Cataraqui Centre, (formerly "Cataraqui Town Centre") is a shopping mall located in Kingston, Ontario, Canada. It is the largest mall in southeastern Ontario with over 141 stores spanning 607000 sqft of retail space.

Built in 1982, Cataraqui Centre is today Kingston’s dominant shopping mall. It also includes a major transfer point for Kingston Transit serving 14 bus routes. Additionally, the Isabel Turner library branch is located at the edge of the parking lot.

==Description==

The mall is located in the northwest of the city, near the intersection of Princess Street and Gardiners Road. It is built on a slope, allowing both floors to have an at-grade entrance - lower level from south side and upper level from north side. By the south entrance, Kingston Transit has a major terminal, servicing 14 bus routes.

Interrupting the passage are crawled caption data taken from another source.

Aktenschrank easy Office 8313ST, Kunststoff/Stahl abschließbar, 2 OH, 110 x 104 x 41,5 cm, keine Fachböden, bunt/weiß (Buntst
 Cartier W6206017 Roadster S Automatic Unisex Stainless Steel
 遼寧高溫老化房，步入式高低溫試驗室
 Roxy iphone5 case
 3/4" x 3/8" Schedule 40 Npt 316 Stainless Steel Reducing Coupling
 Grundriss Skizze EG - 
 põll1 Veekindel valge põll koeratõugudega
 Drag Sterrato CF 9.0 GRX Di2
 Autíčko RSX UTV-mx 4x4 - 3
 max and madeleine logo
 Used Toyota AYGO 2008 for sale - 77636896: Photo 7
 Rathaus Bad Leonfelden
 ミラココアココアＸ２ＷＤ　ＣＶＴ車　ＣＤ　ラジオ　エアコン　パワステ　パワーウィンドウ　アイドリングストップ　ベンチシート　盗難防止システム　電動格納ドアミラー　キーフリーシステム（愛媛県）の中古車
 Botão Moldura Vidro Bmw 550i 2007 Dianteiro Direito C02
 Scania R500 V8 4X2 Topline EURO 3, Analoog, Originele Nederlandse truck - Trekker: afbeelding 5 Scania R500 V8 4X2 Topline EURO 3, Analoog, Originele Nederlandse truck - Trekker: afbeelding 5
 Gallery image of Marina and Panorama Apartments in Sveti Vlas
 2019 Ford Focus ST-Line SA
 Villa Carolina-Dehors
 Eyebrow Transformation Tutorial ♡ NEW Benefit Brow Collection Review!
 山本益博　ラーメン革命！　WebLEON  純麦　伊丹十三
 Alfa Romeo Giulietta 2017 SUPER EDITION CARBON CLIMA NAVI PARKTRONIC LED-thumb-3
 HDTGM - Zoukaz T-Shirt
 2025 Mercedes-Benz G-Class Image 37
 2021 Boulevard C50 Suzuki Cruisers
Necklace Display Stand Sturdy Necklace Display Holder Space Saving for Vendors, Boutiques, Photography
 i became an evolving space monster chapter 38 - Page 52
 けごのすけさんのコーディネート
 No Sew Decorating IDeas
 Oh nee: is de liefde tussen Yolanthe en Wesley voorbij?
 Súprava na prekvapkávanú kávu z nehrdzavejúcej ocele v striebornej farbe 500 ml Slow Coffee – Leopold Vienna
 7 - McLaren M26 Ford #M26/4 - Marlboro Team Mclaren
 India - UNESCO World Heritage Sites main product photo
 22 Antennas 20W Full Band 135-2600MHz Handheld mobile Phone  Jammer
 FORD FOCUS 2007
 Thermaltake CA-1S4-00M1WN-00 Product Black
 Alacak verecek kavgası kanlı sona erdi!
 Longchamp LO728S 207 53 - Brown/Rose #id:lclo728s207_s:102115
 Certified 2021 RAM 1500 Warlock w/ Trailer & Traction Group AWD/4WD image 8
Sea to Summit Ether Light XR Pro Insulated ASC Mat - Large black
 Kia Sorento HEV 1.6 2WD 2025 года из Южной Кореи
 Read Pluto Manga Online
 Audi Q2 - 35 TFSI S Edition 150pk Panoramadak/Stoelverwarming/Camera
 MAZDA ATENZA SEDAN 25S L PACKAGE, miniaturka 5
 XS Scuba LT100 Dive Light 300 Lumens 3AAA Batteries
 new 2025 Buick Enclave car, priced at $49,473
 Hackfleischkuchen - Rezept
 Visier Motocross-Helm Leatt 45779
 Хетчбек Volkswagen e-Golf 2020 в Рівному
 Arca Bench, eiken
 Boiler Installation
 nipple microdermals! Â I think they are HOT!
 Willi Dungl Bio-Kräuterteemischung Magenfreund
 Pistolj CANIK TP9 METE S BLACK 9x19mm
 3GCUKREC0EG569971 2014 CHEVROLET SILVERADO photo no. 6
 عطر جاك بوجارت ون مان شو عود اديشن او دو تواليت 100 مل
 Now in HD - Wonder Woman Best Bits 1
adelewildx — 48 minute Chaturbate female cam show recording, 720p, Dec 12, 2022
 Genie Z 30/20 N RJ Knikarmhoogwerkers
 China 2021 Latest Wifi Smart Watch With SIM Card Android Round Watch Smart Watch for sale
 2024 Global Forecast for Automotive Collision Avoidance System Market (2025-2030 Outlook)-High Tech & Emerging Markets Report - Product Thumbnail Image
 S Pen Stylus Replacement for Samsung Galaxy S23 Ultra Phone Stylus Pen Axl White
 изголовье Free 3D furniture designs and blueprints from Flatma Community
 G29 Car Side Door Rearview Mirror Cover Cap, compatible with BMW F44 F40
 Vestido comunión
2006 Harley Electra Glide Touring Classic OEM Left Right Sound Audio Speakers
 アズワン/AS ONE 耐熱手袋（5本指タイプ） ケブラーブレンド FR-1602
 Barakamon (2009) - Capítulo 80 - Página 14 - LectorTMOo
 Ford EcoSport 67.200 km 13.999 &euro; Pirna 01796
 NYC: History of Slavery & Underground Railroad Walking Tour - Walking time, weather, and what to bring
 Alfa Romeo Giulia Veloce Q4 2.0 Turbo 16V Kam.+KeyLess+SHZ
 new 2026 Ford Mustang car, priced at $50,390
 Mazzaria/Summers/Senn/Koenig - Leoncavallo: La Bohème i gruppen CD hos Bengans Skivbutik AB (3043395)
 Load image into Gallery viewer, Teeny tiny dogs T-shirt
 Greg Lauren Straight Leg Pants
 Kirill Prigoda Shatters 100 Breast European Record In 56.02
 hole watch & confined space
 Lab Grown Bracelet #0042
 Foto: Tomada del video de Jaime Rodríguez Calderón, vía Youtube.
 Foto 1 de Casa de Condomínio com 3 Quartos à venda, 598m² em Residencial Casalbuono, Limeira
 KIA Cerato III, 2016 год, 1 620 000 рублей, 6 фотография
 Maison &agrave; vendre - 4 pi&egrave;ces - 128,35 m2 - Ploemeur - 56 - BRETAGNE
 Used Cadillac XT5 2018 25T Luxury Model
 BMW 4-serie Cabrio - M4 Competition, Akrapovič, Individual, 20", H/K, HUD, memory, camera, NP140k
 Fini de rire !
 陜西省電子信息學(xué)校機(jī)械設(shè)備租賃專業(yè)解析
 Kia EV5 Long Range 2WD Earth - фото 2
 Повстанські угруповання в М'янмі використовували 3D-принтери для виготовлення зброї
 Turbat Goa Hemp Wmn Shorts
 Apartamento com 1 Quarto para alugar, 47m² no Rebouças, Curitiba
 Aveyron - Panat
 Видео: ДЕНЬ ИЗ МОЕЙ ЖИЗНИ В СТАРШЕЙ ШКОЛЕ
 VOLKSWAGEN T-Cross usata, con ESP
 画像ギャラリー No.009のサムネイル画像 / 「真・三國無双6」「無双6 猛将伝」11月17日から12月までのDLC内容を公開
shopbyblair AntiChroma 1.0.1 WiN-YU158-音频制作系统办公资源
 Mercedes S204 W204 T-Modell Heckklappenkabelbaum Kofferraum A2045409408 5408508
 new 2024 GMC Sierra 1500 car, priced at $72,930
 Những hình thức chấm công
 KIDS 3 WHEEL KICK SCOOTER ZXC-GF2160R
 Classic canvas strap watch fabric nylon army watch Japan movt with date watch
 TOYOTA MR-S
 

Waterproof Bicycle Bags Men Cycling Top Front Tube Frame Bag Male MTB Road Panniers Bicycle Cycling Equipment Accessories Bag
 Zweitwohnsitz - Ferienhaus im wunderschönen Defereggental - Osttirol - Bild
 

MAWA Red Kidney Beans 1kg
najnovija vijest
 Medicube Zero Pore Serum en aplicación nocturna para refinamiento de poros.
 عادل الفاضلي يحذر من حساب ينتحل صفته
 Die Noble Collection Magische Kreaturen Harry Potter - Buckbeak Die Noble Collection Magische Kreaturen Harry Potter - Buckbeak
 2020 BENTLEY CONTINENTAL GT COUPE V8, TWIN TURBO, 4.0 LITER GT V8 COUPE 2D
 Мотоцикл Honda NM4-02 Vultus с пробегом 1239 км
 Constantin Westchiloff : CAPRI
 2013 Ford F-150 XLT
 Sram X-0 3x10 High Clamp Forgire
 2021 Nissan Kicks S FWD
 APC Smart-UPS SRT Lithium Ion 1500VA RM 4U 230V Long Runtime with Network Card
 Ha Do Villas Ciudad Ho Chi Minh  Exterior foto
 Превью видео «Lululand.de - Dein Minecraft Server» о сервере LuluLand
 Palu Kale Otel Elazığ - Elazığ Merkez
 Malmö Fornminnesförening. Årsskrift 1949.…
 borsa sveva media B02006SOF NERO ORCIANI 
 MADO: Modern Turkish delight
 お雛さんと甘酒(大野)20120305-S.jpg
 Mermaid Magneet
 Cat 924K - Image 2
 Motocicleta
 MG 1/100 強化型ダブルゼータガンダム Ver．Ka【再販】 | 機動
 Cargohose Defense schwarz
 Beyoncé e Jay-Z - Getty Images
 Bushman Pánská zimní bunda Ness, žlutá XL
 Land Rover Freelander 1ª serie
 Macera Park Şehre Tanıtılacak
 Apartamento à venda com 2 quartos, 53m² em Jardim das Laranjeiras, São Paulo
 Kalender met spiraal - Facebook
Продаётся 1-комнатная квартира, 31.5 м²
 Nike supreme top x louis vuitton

The mall is home to dozens of shops. Shops range from clothing shops, to hair salons, to electronic shops, and more. The south entrance leads to the food court on the lower level of the mall. The mall is home to 141 stores, including 6 anchors.

===Anchors and majors===

- H&M (multi-level, 19,834 sq ft.)
- Sport Chek (lower level, 19,126 sq ft.)
- Shoppers Drug Mart (lower level, 9,800 sq ft)
- Indigo Books (upper level, 15,307 sq ft.)

===Food Court===
The food court is located in the centre of the lower level of the mall. They include:
- A&W
- Manchu Wok
- Subway
- Jimmy the Greek
- Gino’s Pizza
- New York Fries
- KFC
- Amaya’s
- Real Fruit Bubble Tea
- Bento Sushi

Additionally, Tim Hortons has a location outside of the food court by the south entrance - opposite of the Shopper’s Drug Mart location. Freshly Squeezed and Purdy’s Chocolatier have a location situated slightly outside the food court by the elevator.

==History==
Cataraqui Town Centre opened in September, 1982 as a two level mall with Simpsons and Zellers department stores and a Loblaws supermarket. Simpsons was rebranded as The Bay (another brand within the same chain, the Hudson's Bay Company) in 1986. In September 1999, Sears relocated from the Kingston Centre to a new store at Cataraqui which anchored a new addition. Along with the new addition came a revamping of the mall's interior, and the relocation of the escalators and food court. Loblaws moved down Midland Avenue in 2001, and their former space was converted to a new expanded food court, Shoppers Drug Mart, and a Sport Chek store. Zellers was replaced with Target in 2013; the latter closed in 2015.

==Transportation access==
Cataraqui Centre is accessible by private automobile and local transit. Major roads in the area serving the mall include Princess Street, Gardiners Road, and Midland Avenue. Gardiners Road provides easy access to Highway 401. The mall is surrounded by large surface parking lots with a ring road surrounding the mall.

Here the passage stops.